(Stored records)

Start of Block

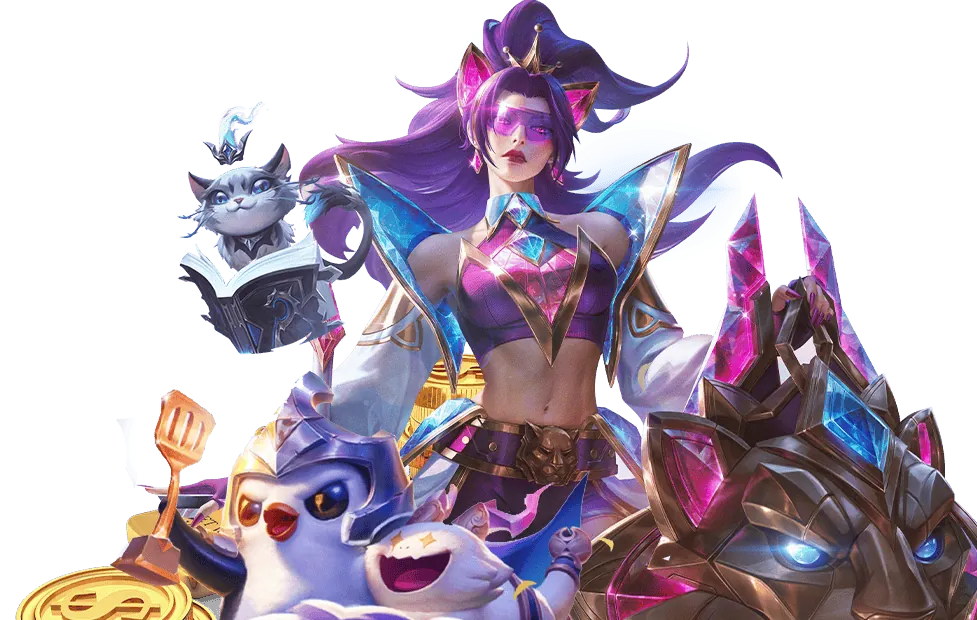 Cá cược thể thao 42vn nhà cái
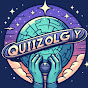 The Quizology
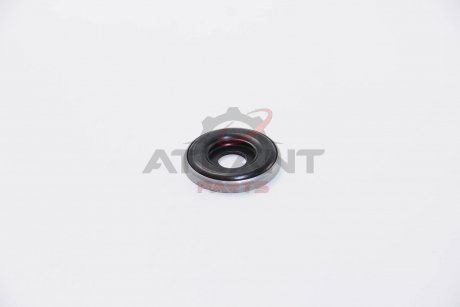 Подшипник подушки амортизатора AUTOTECHTEILE 502 0050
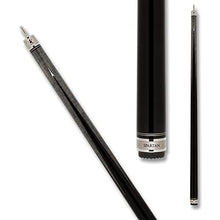 Spartan Billiards Sneaky Pete Pool Cue Stick 19oz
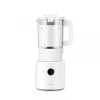 XIAOMI Mi Smart Blender EU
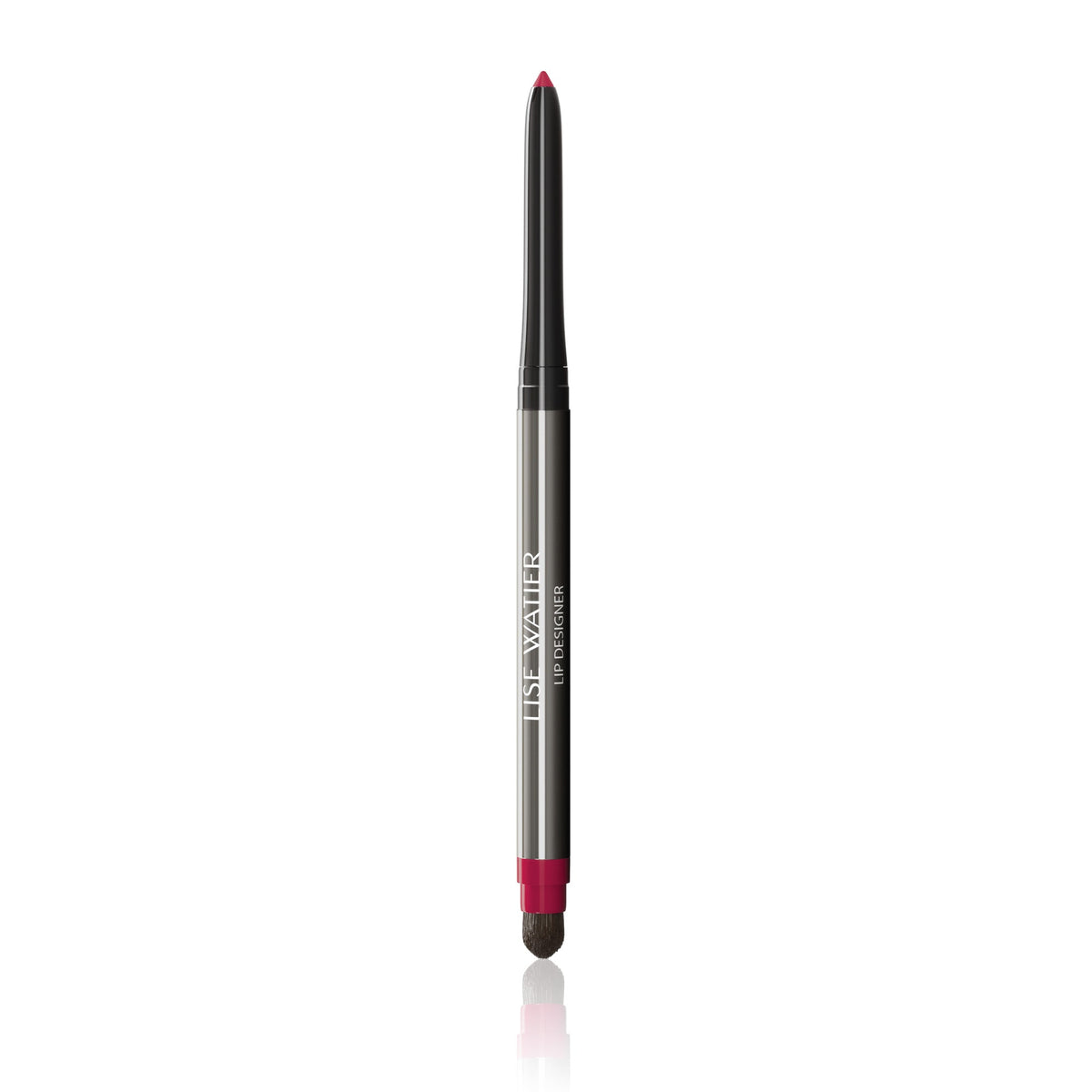 Lise Watier Lip Designer Contour & Fill Liner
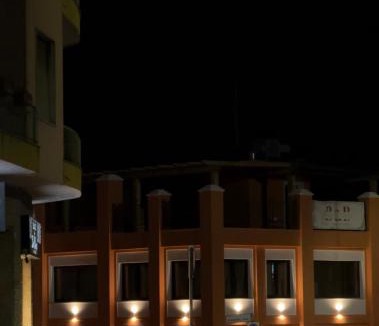 Fermo Bed & Breakfast | La reggia di Gianfry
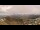 Webcam in Ax-les-Thermes, 19.8 km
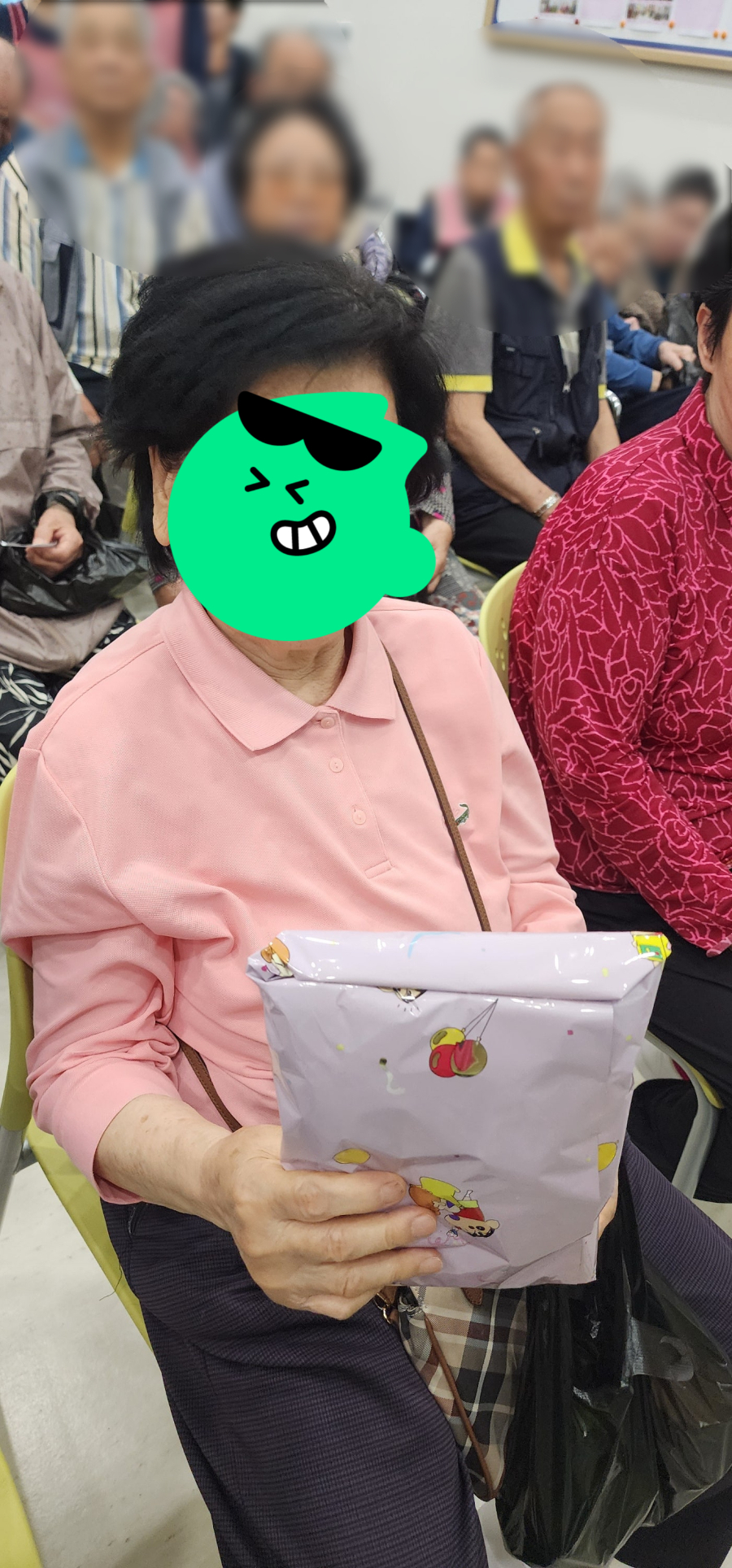 경품추첨3.jpg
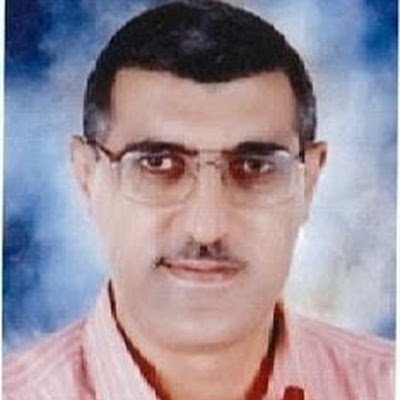 Hatem Soliman Profile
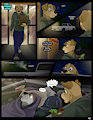 The Intern Vol 2 - page 42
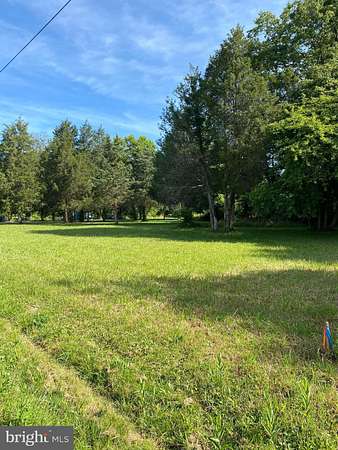 0.46 Acres of Residential Land for Sale in Bushwood, Maryland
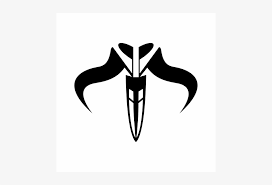 We have 81+ amazing background pictures carefully picked by our community. True Mandalorians Mandalorian Symbol Transparent Png 480x480 Free Download On Nicepng
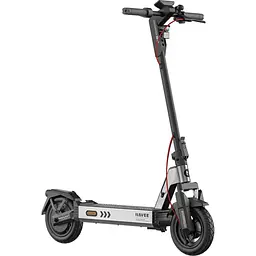 Електросамокат NAVEE G5 Pro UA UCRF - мініатюра 3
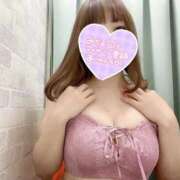 ヒメ日記 2025/10/25 16:24 投稿 ハナビ バニーコレクション秋田店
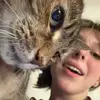 smeleanor fartsworth - @smeleanorfartsworth - TikTok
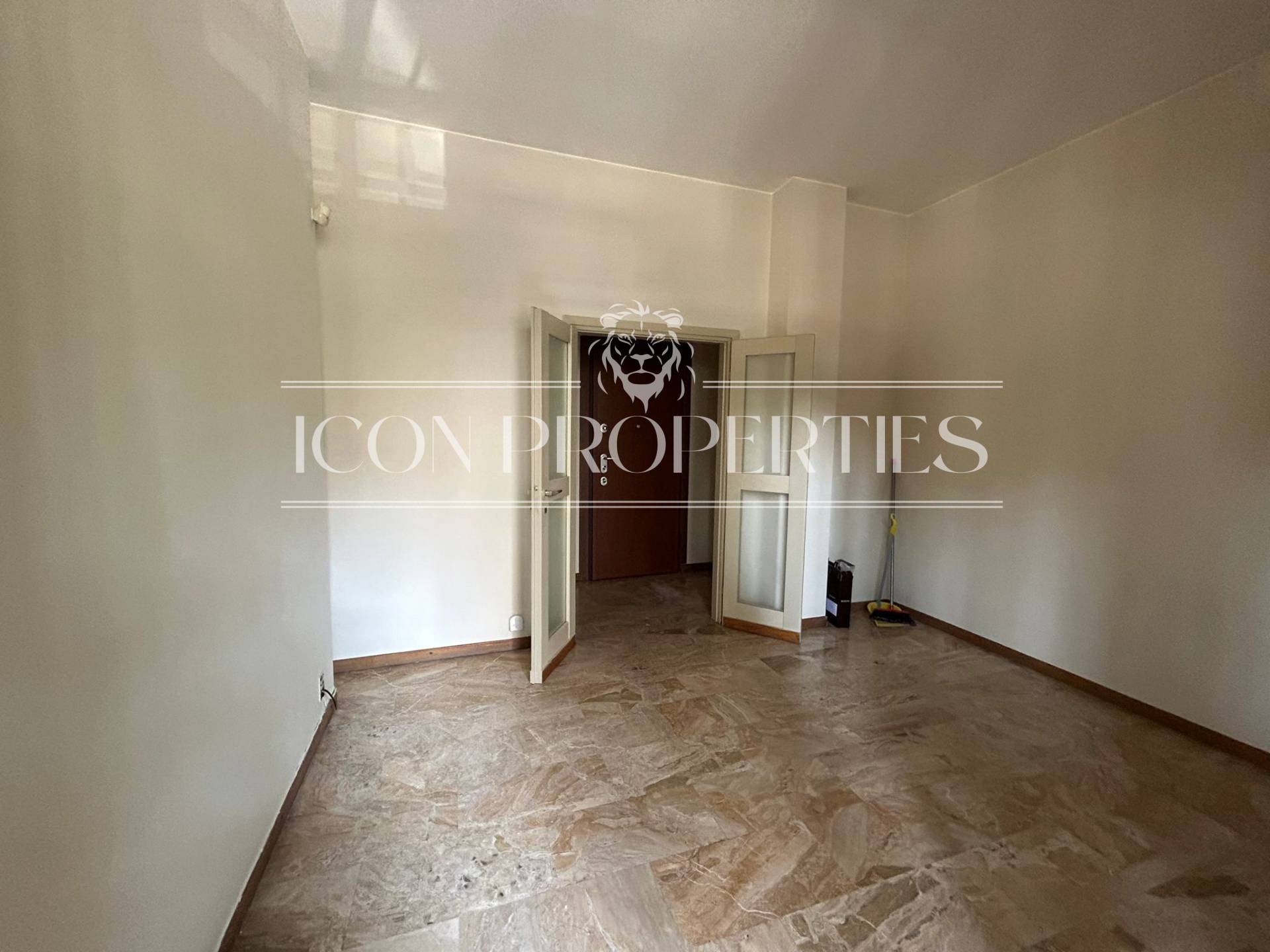 Appartamento in affitto a Milano, Wagner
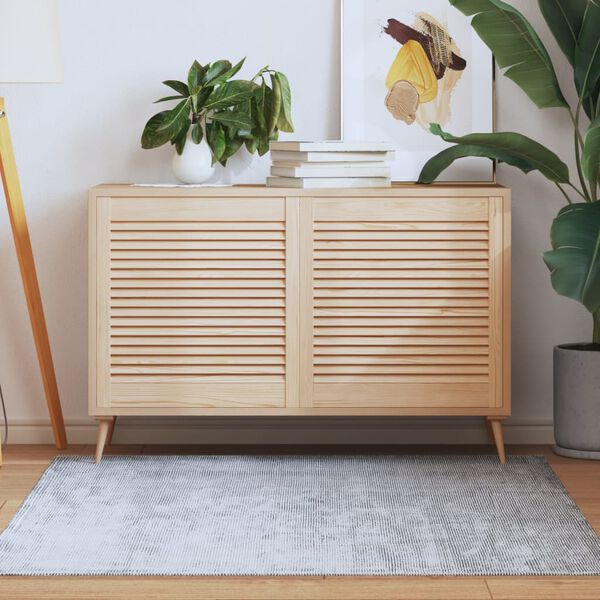 Se afișează imaginea 2 din 6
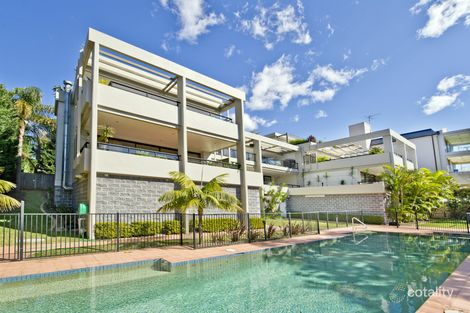 Property photo of 7/117-119 Wellington Street Bondi Beach NSW 2026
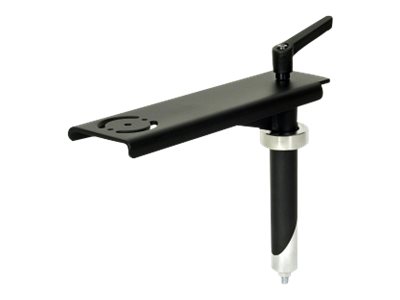 Gamber-Johnson Quick-Adjustable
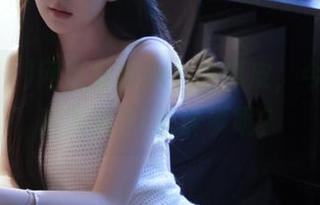 网页切换得像吃瓜皮，今天又有啥黑料51新鲜事呢？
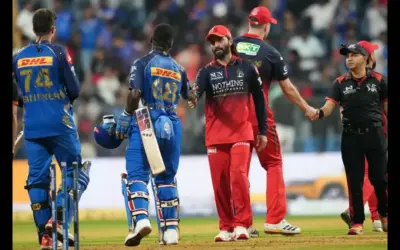 Tourism Growth Highlighted at the 1st Annual Tourism and Maritime Careers Expo in Durban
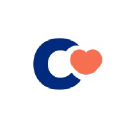 Cushla Health Systems Ltd | Health & Medical Technology Logo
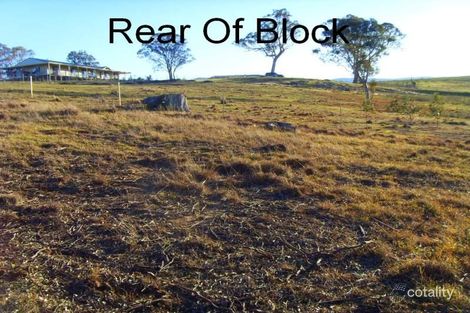 Property photo of 14 Robertson Street Mudgee NSW 2850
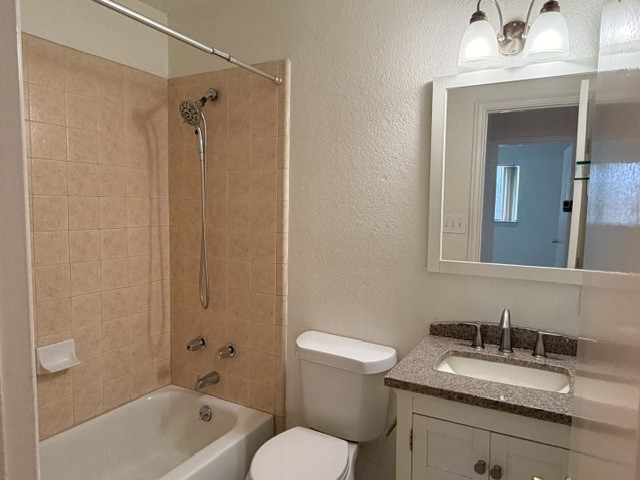 405 Woodmere Drive Garland TX 75043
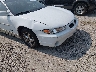 1G2WR5218YF****** Usados 2000 Pontiac Grand Prix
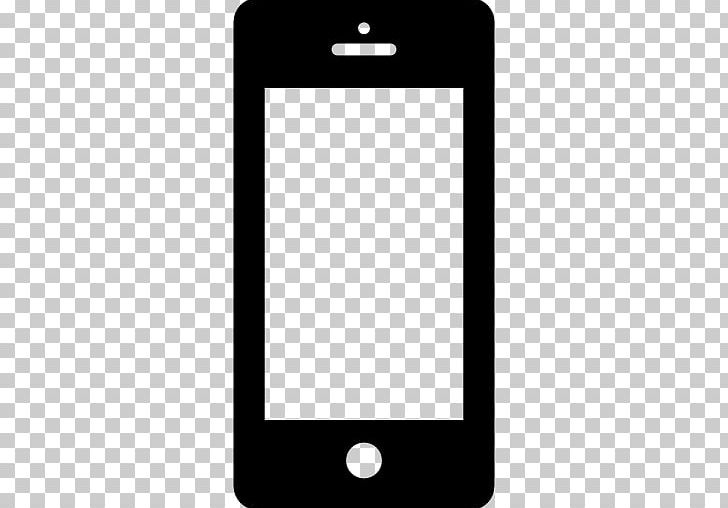 Computer Icons Mobile Phones Smartphone PNG, Clipart, Black, Computer Icons, Download, Electronics, Encapsulated Postscript Free PNG Download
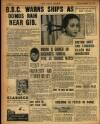 Daily Mirror Friday 15 January 1937 Page 2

End of Block

§ What is needed:
In your copy, every entry above must match word for word, and no picture may appear.

§ Response:
 Cá cược thể thao 42vn nhà cái
 The Quizology
 Подшипник подушки амортизатора AUTOTECHTEILE 502 0050
 Spartan Billiards Sneaky Pete Pool Cue Stick 19oz
 XIAOMI Mi Smart Blender EU
 Lise Watier Lip Designer Contour & Fill Liner
 Fermo Bed & Breakfast | La reggia di Gianfry
 Webcam in Ax-les-Thermes, 19.8 km
 경품추첨3.jpg
 Hatem Soliman Profile
 The Intern Vol 2 - page 42
 0.46 Acres of Residential Land for Sale in Bushwood, Maryland
 We have 81+ amazing background pictures carefully picked by our community. True Mandalorians Mandalorian Symbol Transparent Png 480x480 Free Download On Nicepng
 Електросамокат NAVEE G5 Pro UA UCRF - мініатюра 3
 ヒメ日記 2025/10/25 16:24 投稿 ハナビ バニーコレクション秋田店
 smeleanor fartsworth - @smeleanorfartsworth - TikTok
 Appartamento in affitto a Milano, Wagner
 Se afișează imaginea 2 din 6
 Property photo of 7/117-119 Wellington Street Bondi Beach NSW 2026
 Gamber-Johnson Quick-Adjustable
 网页切换得像吃瓜皮，今天又有啥黑料51新鲜事呢？
 Tourism Growth Highlighted at the 1st Annual Tourism and Maritime Careers Expo in Durban
 Cushla Health Systems Ltd | Health & Medical Technology Logo
 Property photo of 14 Robertson Street Mudgee NSW 2850
 405 Woodmere Drive Garland TX 75043
 1G2WR5218YF****** Usados 2000 Pontiac Grand Prix
 Computer Icons Mobile Phones Smartphone PNG, Clipart, Black, Computer Icons, Download, Electronics, Encapsulated Postscript Free PNG Download
 Daily Mirror Friday 15 January 1937 Page 2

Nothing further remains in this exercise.